Closed gloaming2dawn closed 2 years ago
Hi @gloaming2dawn thanks for your interest. A large portion of the difference between LaMCTS and other baselines in Ant/Humanoid in that figure is due to weight initialization. LaMCTS was initialized at 0 (same as ARS), while other methods are initialized in a local region around 0, which turns out to have a huge difference in the final performance. So the comparison is a bit unfair. We suspect that why ARS works is also due to that (initialized at 0). For Ant/Humanoid policy optimization, initializing the linear weight to be zero seems to have a huge advantage.
We are fixing this issue and will post an updated figure in the paper. Thanks for your patience.
Hi @gloaming2dawn, the paper has been updated to resolve this issue: https://arxiv.org/pdf/2007.00708.pdf.
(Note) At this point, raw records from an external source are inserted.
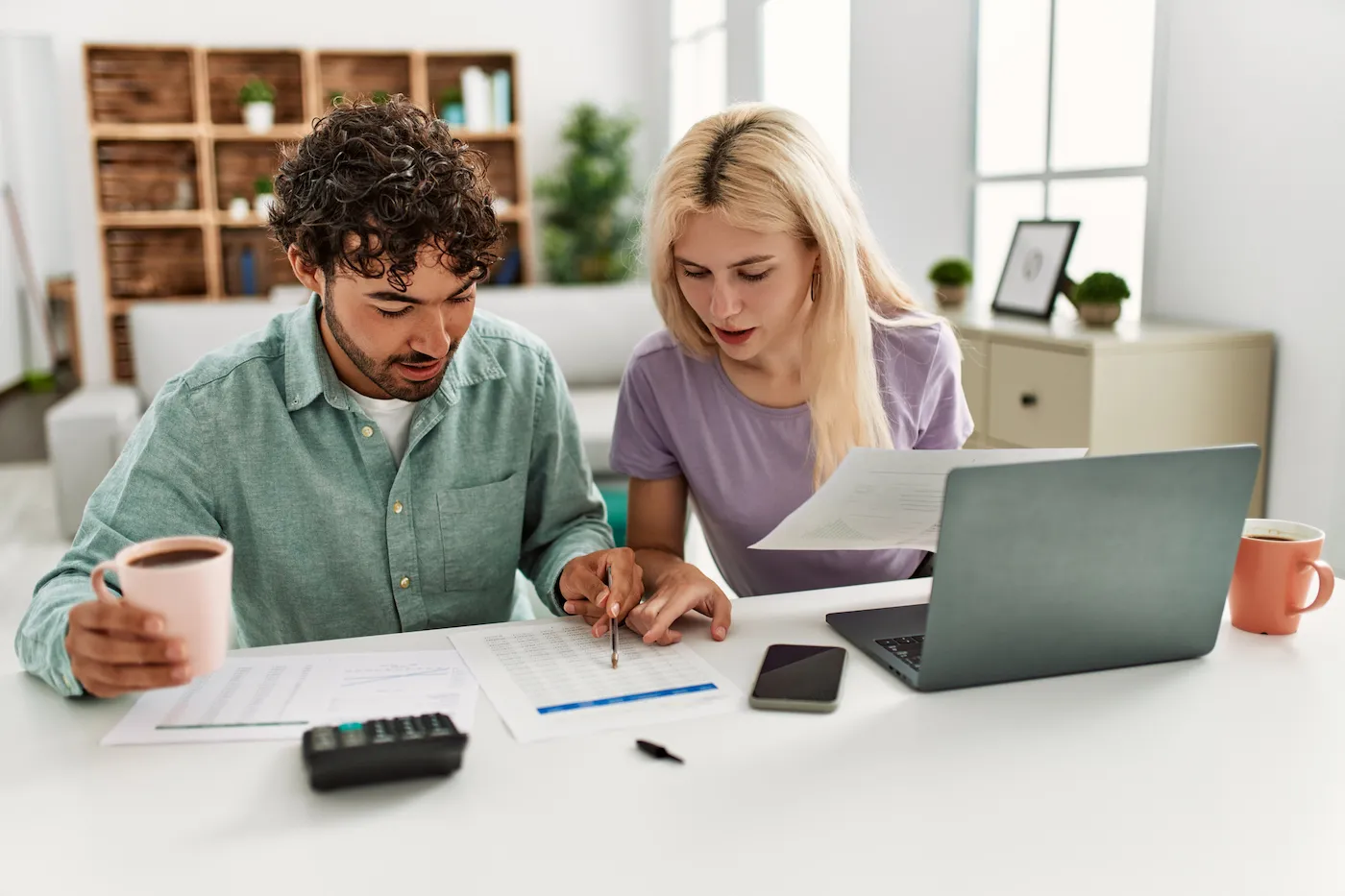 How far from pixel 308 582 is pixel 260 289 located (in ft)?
17.4

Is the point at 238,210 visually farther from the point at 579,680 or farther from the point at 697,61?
the point at 579,680

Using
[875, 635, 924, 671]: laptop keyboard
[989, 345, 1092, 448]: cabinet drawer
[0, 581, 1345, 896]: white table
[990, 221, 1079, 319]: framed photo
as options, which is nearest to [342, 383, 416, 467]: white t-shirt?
[0, 581, 1345, 896]: white table

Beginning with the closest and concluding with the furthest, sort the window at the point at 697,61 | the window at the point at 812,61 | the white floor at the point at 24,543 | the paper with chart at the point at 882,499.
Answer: the paper with chart at the point at 882,499 < the white floor at the point at 24,543 < the window at the point at 812,61 < the window at the point at 697,61

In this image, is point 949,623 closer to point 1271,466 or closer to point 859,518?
point 859,518

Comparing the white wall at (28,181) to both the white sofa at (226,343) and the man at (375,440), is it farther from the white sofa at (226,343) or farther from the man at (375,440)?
the man at (375,440)

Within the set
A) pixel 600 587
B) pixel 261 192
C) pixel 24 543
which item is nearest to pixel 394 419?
pixel 600 587

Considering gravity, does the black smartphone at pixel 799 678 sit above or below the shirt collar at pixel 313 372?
below

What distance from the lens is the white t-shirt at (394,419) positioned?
1.48 metres

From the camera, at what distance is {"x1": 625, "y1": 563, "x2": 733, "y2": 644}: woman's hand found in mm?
1181

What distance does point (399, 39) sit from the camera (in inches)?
252

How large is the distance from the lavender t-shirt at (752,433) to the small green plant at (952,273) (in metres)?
1.97

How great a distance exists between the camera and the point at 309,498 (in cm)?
145

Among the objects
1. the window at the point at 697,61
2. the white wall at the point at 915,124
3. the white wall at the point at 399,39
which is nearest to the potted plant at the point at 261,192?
the white wall at the point at 399,39

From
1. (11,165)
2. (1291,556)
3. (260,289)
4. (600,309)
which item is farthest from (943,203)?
(11,165) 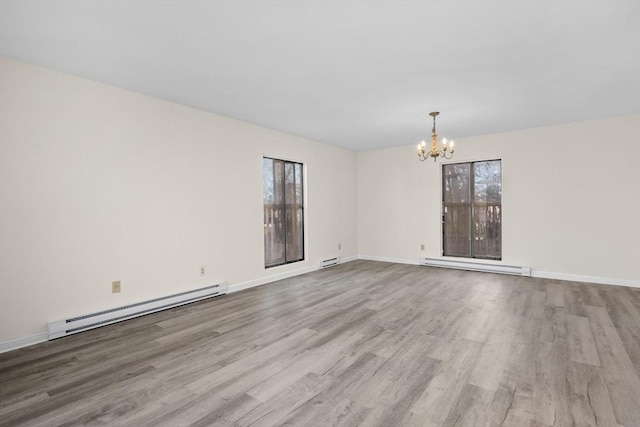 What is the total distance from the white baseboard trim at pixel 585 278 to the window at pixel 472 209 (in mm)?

Please let us know whether you have any future questions. Thanks!
Hi, recently we try to reproduce the result of mujoco task Ant-v2 in your paper. However we found all algorithms include LAMCTS cannot find reward more than -1000 after 10000 iterations. (In the paper LAMCTS should get a reward more than 1000.)
According to your paper, We use mean and std for linear policy from https://github.com/modestyachts/ARS and use 20 rollouts to get an average reward. (We use turbo as the local optimizer)
Actually, we got similar results of the paper in simple tasks like Swim, Hopper and HalfCheetah. But for Ant-888d task, we cannot reproduce the result in your paper. Can you reproduce the Ant-v2 result using the current code? Is there anything we need to change to reproduce the results?